If you follow my Instagram you’ll know that I am running the London Marathon this year! It will be my first ever marathon and I feel a mixture of excitement, motivation and a kinda – oh my god what have I got myself in for and what the hell do I need to be doing – vibe!!
Since I announced the news a couple of days ago I’ve received some super kind words of encouragement and support from friends and those in the running community. I feel like I’m stepping into a new tribe, full of like-minded people on a mission to carry each other through each mile in training and on the big day itself. I’ve heard that the support you get when you run a marathon is overwhelming and I’m already feeling the love so I want to say a big thank you to all of you who have reached out! Every single person who supports and encourages you gives you strength and motivation.

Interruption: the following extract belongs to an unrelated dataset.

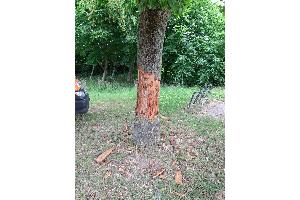 Beschädigter Baum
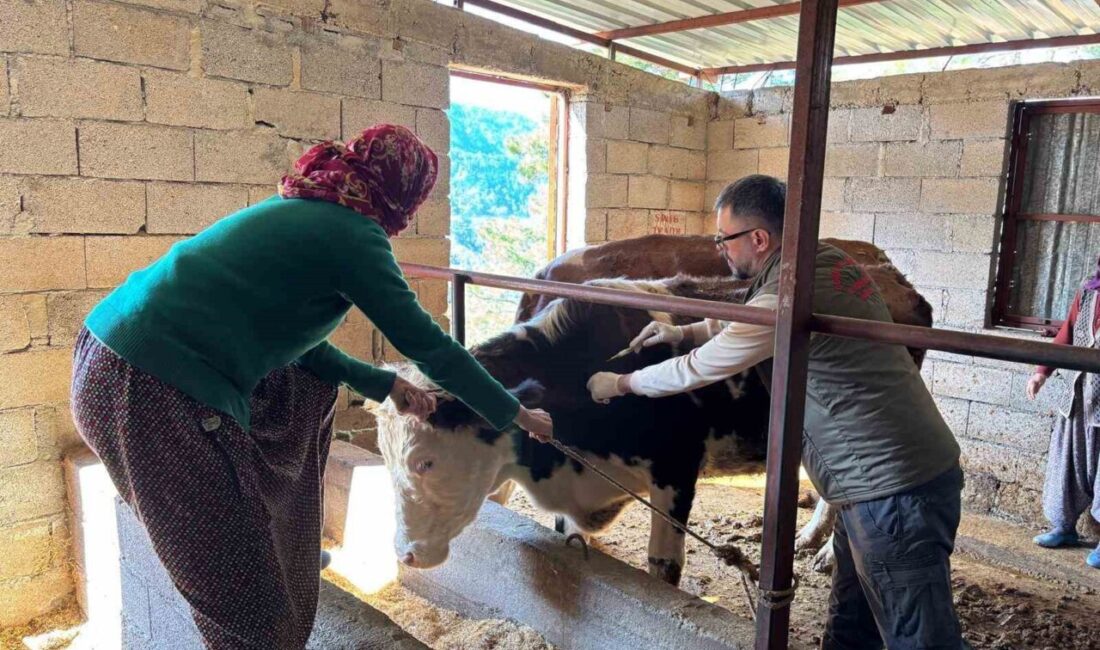 Antalya’nın Gazipaşa ilçesinde, Gazipaşa İlçe Tarım ve Orman Müdürlüğü tarafından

One such kind-hearted cardio conditioned soul is Great Britain Masters Athlete, Blake Vivian. He was one of the first to encourage me on my marathon mission and yesterday, he took the time to write an email that gave a newbie like me an idea of where the hell to begin my training! Unlike many articles and advice on how to train for the marathon, Blake’s wisdom is straightforward, concise and easy to put into practise. I want to share it with you because if you’re anything like me, then you’ll be wanting some sound and simple advice to begin with too!
If you have any questions for me or Blake please feel free to ask! I’ll be looking for training buddies and people with a large appetite to eat with (!) so I’d love to meet you! Now, over to Blake!
From Blake Vivian
- The biggest thing with marathon is building the miles slowly no more ideally than one to two per cent per week otherwise you are very prone to getting injured.
- To improve on times and improve generally with running, it’s all about just getting miles in each week and the more you do the better (faster) you will become. I have been running years so have built on these miles slowly to avoid injuries – it’s so important to stick to the one-two per cent rule. On the long slow runs, go as slow as possible as this will improve the VO2 max of the body/heart which will build endurance.
- If you can I always recommend to run at least one or two full marathon distance training runs so your body is used to the distance. Ninety nine per cent of training plans will only ever train up to about eighty per cent of a race distance –this is mainly as most people don’t have time to go out for four or more hours running each Sunday.
- Ideally what you need is someone of a similar standard that you can get your miles in as the long runs can be very boring [!]and it’s good to have company. [Blake has connected me with two of his friends and we are arranging to meet and run.]
It is also good to get some interval training sessions in once a week this helps on speed, with this you need to do short reps literally giving 100 per cent effort and then a short recovery. The whole session should last no more than 20 mins and if you can still breathe, talk, or walk after then you have not gone hard enough on the reps. I tend to attend my local running club for this on the track as a load of us just push each other to the max, may be worth looking what running tracks are in your area.
- In a nutshell though as long as you can get a long run in each week building up to the 26 miles you will be fine. Around 50 per cent of running a marathon is mental ability and 50 per cent is fitness. If you don’t have both it never turns out to be a ‘good day at the office’ come race day.
- I have known of someone that literally did one long run on a Sunday and an easy mid length mid week training run for the 16 weeks before the marathon and still did it under three hours. This was because they had crazy mental will power, but on the down side screwed their legs up for months after though.